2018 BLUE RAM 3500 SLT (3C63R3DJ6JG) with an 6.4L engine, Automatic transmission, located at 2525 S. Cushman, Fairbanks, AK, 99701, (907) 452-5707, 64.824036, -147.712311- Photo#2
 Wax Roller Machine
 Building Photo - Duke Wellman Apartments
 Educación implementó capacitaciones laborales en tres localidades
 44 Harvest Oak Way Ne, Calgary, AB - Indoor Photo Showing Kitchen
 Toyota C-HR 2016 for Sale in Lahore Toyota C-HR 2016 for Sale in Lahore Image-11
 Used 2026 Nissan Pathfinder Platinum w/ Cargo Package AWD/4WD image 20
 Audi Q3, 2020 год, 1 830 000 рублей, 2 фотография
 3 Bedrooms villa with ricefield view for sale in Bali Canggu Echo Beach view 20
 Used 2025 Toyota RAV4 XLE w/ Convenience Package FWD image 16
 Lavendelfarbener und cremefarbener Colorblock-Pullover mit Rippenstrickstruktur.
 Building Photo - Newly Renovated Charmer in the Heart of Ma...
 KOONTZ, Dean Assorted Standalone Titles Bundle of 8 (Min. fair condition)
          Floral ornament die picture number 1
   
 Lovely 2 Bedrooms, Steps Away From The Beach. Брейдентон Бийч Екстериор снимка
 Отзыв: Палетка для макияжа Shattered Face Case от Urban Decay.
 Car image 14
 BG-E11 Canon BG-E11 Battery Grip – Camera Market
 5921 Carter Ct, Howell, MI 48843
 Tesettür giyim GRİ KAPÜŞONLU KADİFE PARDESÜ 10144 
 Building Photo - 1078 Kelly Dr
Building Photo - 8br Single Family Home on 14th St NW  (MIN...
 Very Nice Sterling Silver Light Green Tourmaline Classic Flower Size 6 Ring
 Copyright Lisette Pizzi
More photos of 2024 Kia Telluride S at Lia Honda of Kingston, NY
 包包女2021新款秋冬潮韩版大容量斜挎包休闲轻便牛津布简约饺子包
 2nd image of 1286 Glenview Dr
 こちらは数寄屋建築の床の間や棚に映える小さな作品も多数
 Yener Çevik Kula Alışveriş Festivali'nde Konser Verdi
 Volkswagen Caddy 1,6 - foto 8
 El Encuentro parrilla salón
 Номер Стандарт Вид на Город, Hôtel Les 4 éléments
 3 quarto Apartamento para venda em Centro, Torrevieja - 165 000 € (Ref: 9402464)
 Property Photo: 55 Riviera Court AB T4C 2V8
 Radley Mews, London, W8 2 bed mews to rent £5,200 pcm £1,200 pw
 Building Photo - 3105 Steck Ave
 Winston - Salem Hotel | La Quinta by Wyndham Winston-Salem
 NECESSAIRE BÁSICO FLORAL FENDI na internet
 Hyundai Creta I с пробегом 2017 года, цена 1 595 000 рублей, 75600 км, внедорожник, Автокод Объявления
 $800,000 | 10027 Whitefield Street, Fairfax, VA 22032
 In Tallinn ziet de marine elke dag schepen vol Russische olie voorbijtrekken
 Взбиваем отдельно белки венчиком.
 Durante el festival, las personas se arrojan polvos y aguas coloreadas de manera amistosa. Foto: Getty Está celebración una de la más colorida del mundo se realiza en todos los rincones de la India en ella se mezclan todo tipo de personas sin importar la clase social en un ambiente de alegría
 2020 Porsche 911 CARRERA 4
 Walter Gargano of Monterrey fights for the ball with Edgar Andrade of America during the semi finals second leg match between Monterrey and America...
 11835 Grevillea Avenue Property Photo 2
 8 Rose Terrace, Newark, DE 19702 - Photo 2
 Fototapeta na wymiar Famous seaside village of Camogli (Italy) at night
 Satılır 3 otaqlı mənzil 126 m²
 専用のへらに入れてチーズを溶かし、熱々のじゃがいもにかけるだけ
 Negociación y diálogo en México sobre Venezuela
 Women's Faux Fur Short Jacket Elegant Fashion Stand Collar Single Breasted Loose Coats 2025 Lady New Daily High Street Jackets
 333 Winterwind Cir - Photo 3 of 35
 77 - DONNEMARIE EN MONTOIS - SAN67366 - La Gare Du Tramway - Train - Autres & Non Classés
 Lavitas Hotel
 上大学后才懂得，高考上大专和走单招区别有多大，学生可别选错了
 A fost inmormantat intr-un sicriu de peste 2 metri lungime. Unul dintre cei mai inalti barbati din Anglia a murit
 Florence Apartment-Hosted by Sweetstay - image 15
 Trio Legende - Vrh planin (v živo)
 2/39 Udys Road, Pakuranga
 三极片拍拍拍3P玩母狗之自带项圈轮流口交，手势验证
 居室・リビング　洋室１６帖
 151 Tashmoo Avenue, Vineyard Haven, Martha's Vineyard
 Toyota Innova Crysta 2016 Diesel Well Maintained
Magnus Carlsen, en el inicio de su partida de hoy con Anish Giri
▬▬▬▬▬▬
▸ Assigned task
Find the string "рублей" in the records, then copy each line where it occurs.

▸ Task response
 Audi Q3, 2020 год, 1 830 000 рублей, 2 фотография
 Hyundai Creta I с пробегом 2017 года, цена 1 595 000 рублей, 75600 км, внедорожник, Автокод Объявления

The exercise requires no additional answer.